I believe the appropriate word for these comments is chutzpah.

FILED UNDER: 2012 Election, US Politics, , , , , , , , ,
Doug Mataconis
About Doug Mataconis
Doug Mataconis held a B.A. in Political Science from Rutgers University and J.D. from George Mason University School of Law. He joined the staff of OTB in May 2010 and contributed a staggering 16,483 posts before his retirement in January 2020. He passed far too young in July 2021.

Comments

  1. Tsar Nicholas says:

    I believe the appropriate word for these comments is chutzpah.

    Au contraire. Using urban vernacular as our translator ‘chutzpah’ basically means having big balls.

    Rove doesn’t have big balls. He’s lost his mind. Seriously. There needs to be an intervention.

    It started on election night. I was watching him closely. I’m sort of an amateur psychiatrist, you see.

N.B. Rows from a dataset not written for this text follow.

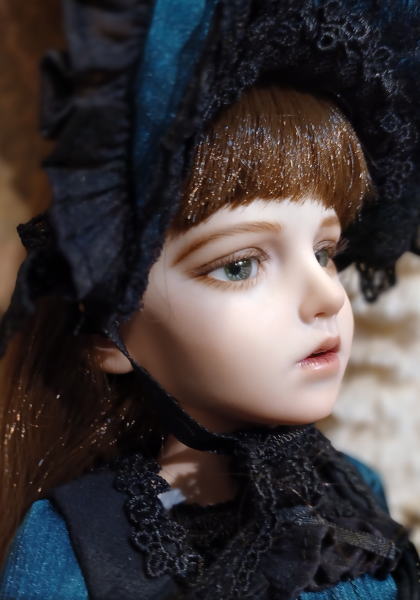 �������� �� / �ڿ������Ԥ���ɥ쥹�ξ�����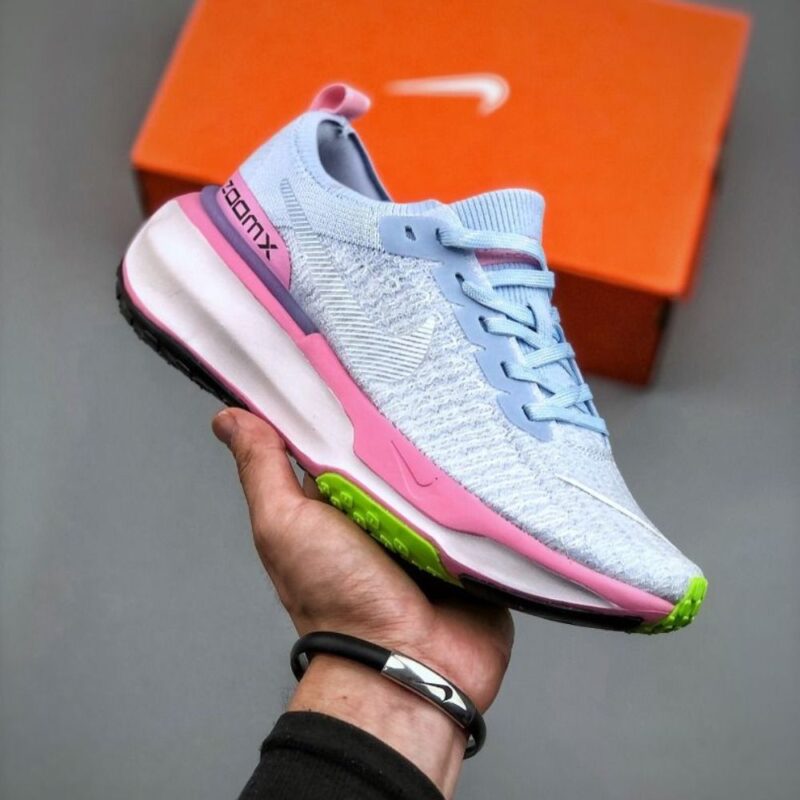 Nike Zoom X Invincible Run Fk 3 - Image 2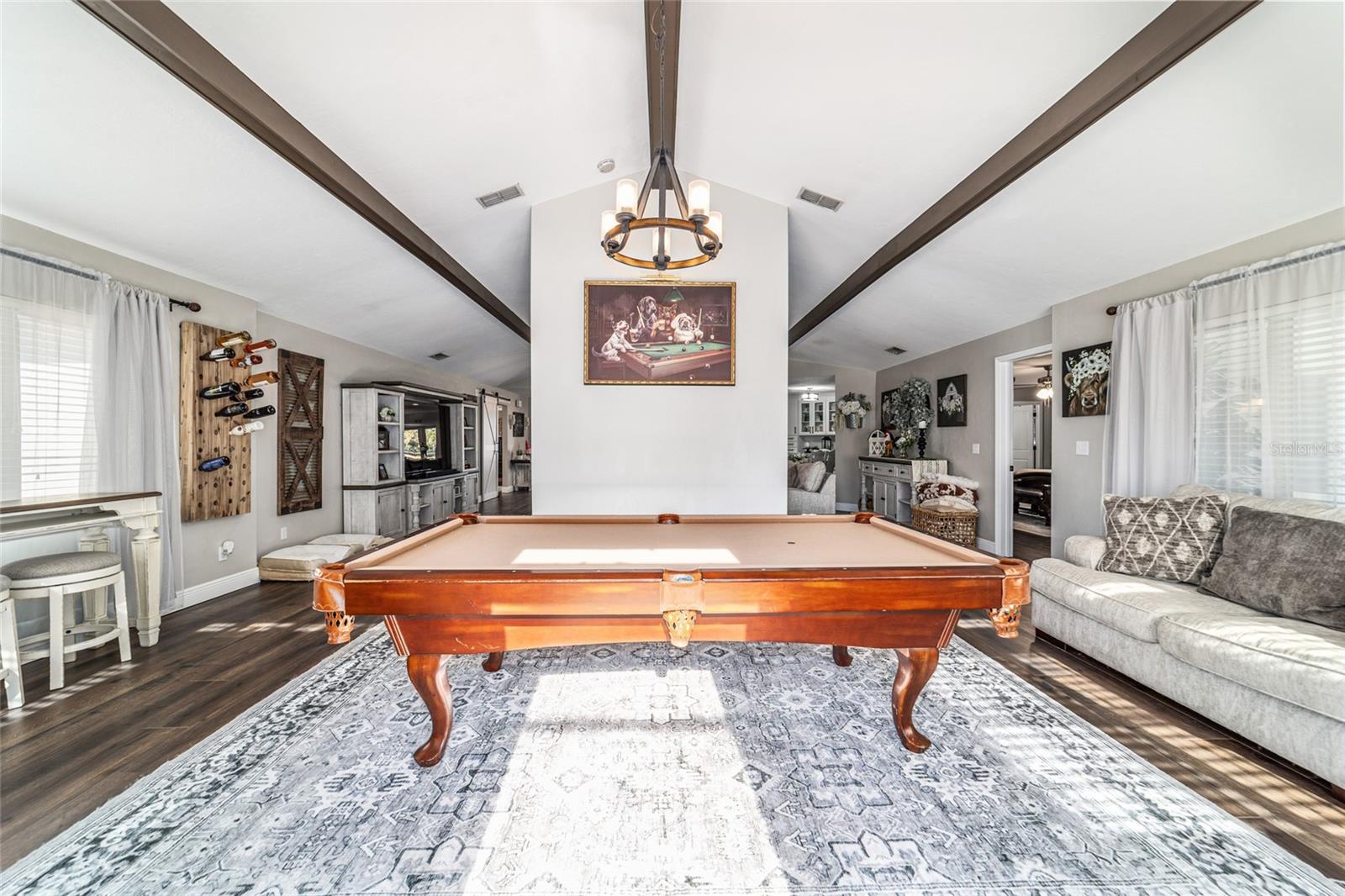 680 NE 120TH ST, OCALA, FL, 34479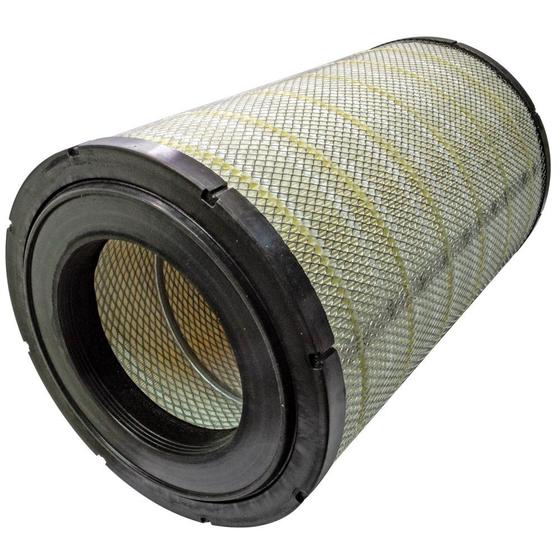 Imagem de Filtro de Ar Motor John Deere S650STS S660 S670 S680 S682 S685 S690STS - Turbo Filtros - TR11090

It goes back to the halcyon days when I handled psychiatric malpractice cases and psychiatric disability insurance case. Anyways, I was watching him and listening to him very intently. Because I sensed an approaching meltdown. And sure enough he started exhibiting the clear cut signs of having a total meltdown. I don’t think it’s gotten better since then. Dude has gone off the rails on a crazy train.

  2. Fiona says:

    Rove is searching for an explanation of the election that will placate his billionaire donors, given the amazing scope of his losses on Tuesday. Hopefully, this election will mark the end of anyone taking old Turd Blossom seriously, although he always have an “analyst” spot on Faux News.

  3. Murray says:

    It’s not just Rove who’s lost his mind, it’s the whole Fox network. They are hilarious since Tuesday night.

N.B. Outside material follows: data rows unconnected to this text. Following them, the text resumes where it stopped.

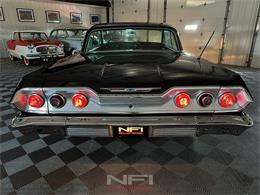 1963 Chevrolet Impala (CC-1957834) for sale in North East, Pennsylvania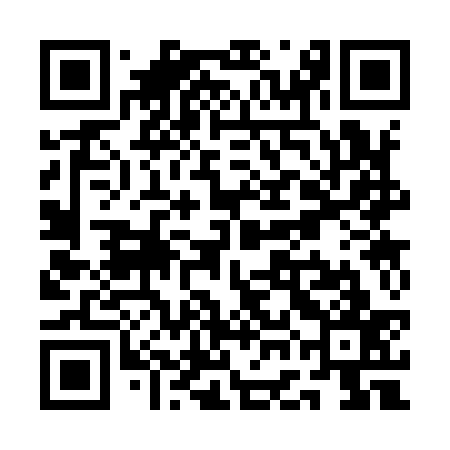 QR code for QGC937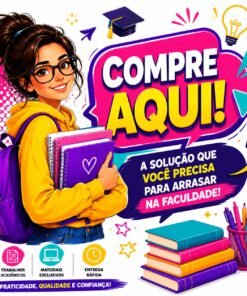 AULA PRÁTICA DINÂMICAS E JOGOS VIVENCIAIS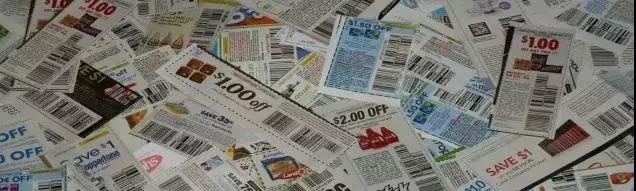 ��������(�й���)���¹ٷ���վ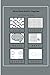 Mixed puzzle book for Physicians. Gift Professionals Students or Interns: For Days like Ides Of March. Has word search scramble math puzzle sudoku wordfit fillins hashi cryptogram mazes masyu and more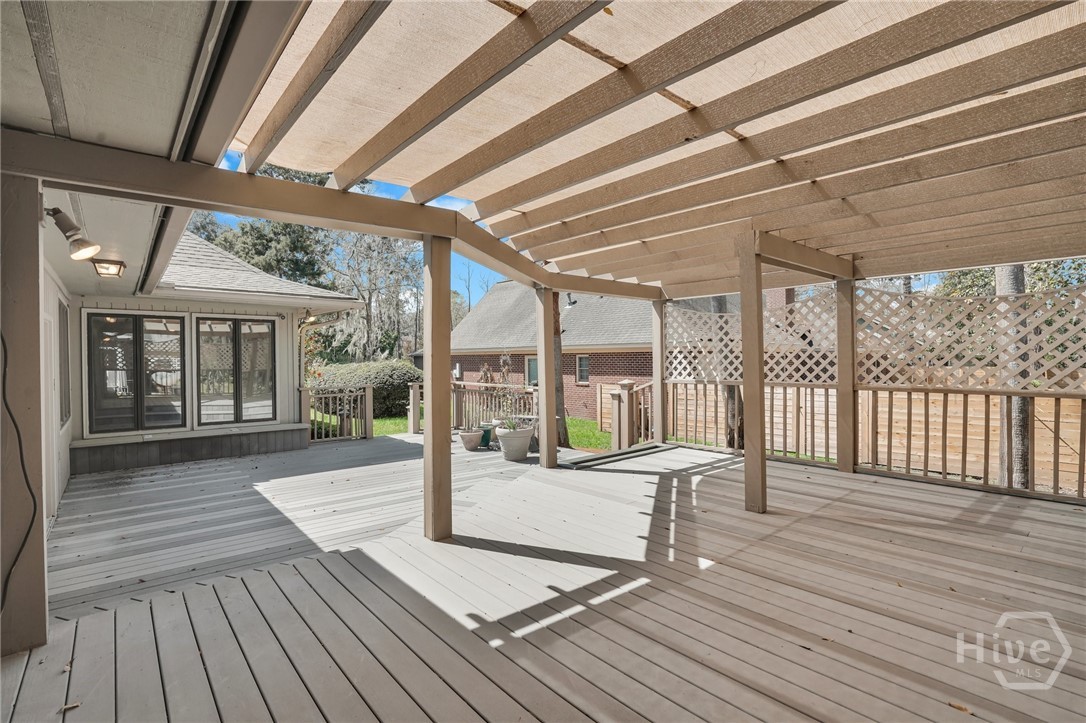 10 Cove Drive, Savannah, GA 31419 Listing Photo  51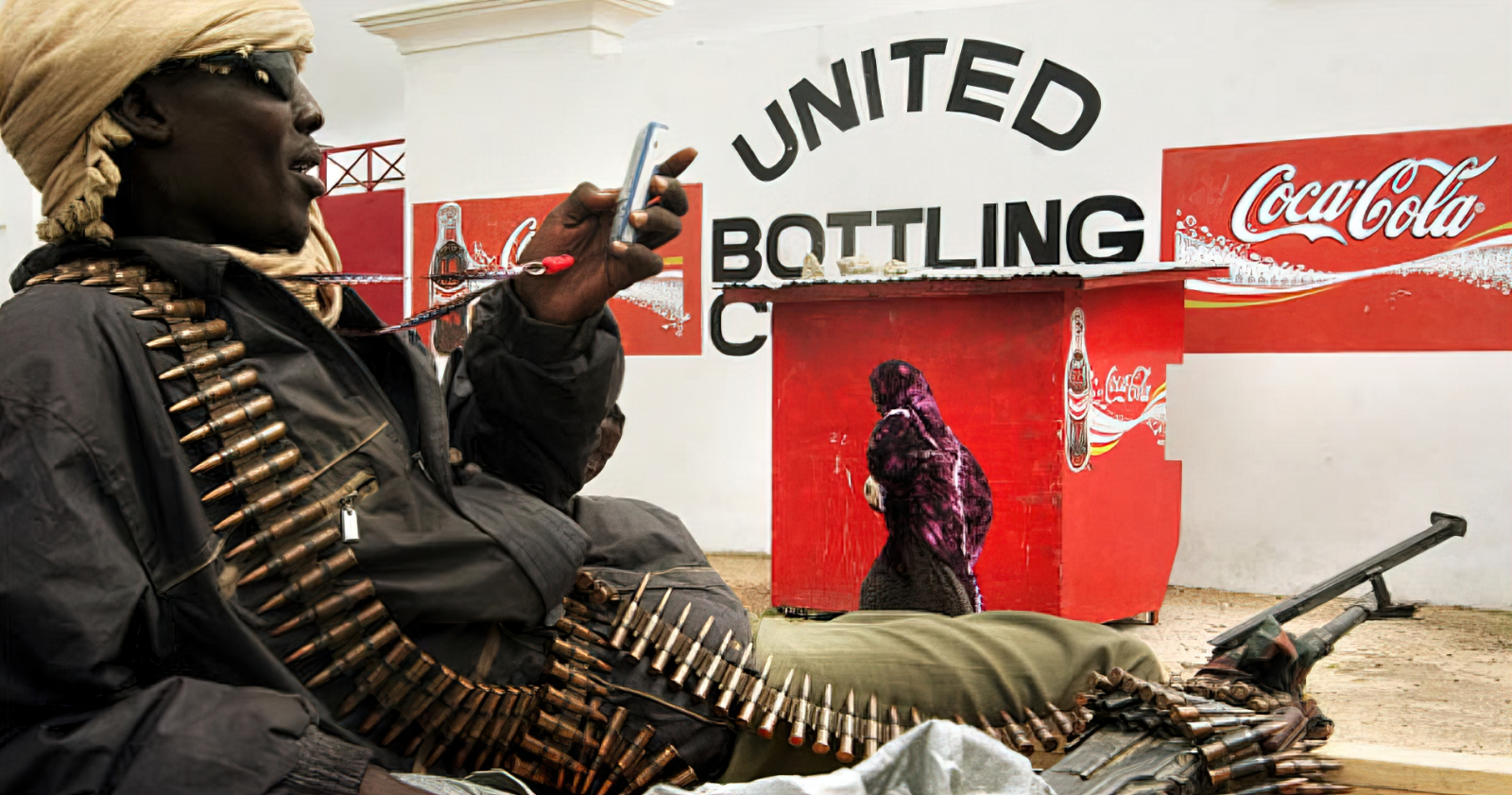 кол росси. кол росси. импортозамещение кока колы. кола очаково 2022. осиновый кол.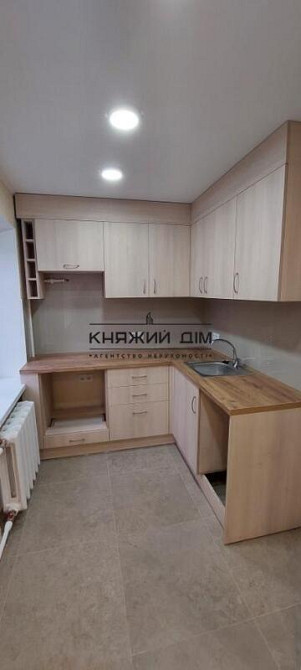 Оренда офісного приміщення м. Дорогожичі КОД 1419205 Київ - зображення 1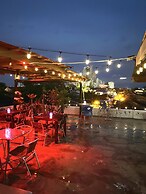 la viduka Hostel s.a.s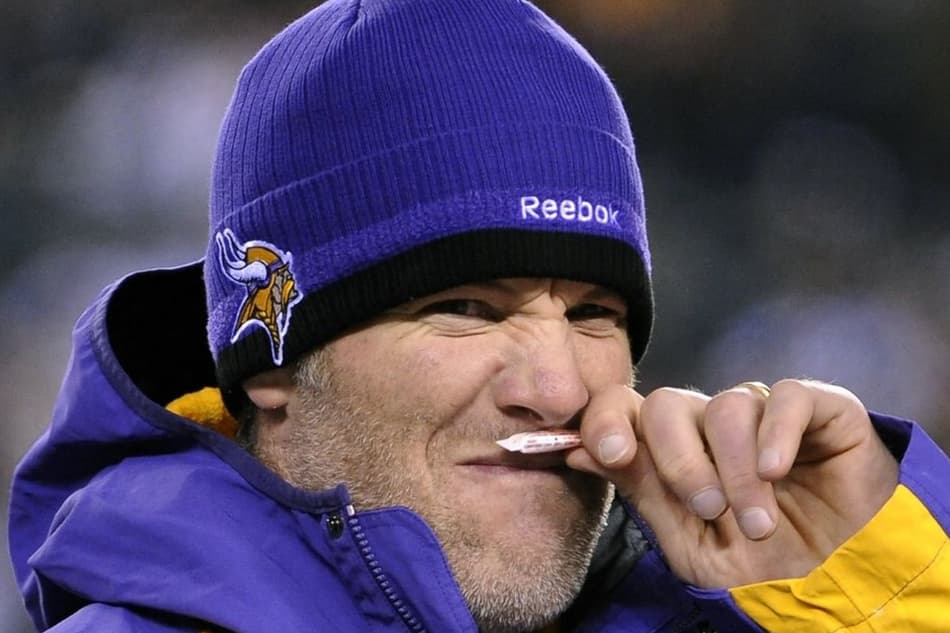 O uso de sais de amônia na NFL e seus supostos efeitos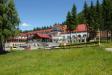 R.K. Hotel Sportul, Poiana Brasov R.K. Hotel Sportul, Poiana Brasov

    It really looks like they weren’t acting prior to the election, they actually ended up believing their own line of crap.

  4. Robert in SF says:

    I think the use of the inflammatory term “suppress” is driving the analysis of this nonsense.

    He seems to clearly be saying that President Obama affected voter turn out by de-motivating the Gov. Romney potential supporters…therefore the voter turnout was “suppressed” or lowered in amount, frequency, or quantity….

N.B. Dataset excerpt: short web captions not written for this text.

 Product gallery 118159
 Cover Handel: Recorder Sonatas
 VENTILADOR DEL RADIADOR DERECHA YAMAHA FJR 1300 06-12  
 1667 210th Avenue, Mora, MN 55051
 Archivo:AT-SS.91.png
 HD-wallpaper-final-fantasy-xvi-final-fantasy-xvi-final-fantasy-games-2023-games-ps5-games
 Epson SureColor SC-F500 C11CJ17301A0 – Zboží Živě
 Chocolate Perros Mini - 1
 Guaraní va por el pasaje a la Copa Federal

    This is a non-issue, and much ado about nothing.

    Move along, move along, nothing to see here.

  5. Chris Berez says:
  6. Anderson says:

    Given Rove’s proud record of campaigns on the merits, free from demonizing personal attacks, I think he deserves a respectful hear– ha ha! damn, knew I couldn’t keep a straight face!

  7. DC Loser says:

    Somehow I keep thinking about that infamous scene of Hitler having his breakdown in “Downfall” when he realizes he didn’t have all those troops he thought he had, and that his generals were lying to him. Time for another parody!

  8. DC Loser says:

    Why did my comment end up in moderation? Was it because I mentioned He Whose Name Cannot Be Mentioned?

  9. cd6 says:

    Is it too much that I’ve been sort of hoping one of the lunatics who gave turd blossom millions of dollars only to see him flush that cash down the toilet will now come after him 1920s loan shark style?

  10. de stijl says:

    By what stretch of the imagination (and I know we’re talking about Fox News here, but please bear with me) can a self-described news network justify the presence of the single largest controller of outside money in the election as an “analyst?”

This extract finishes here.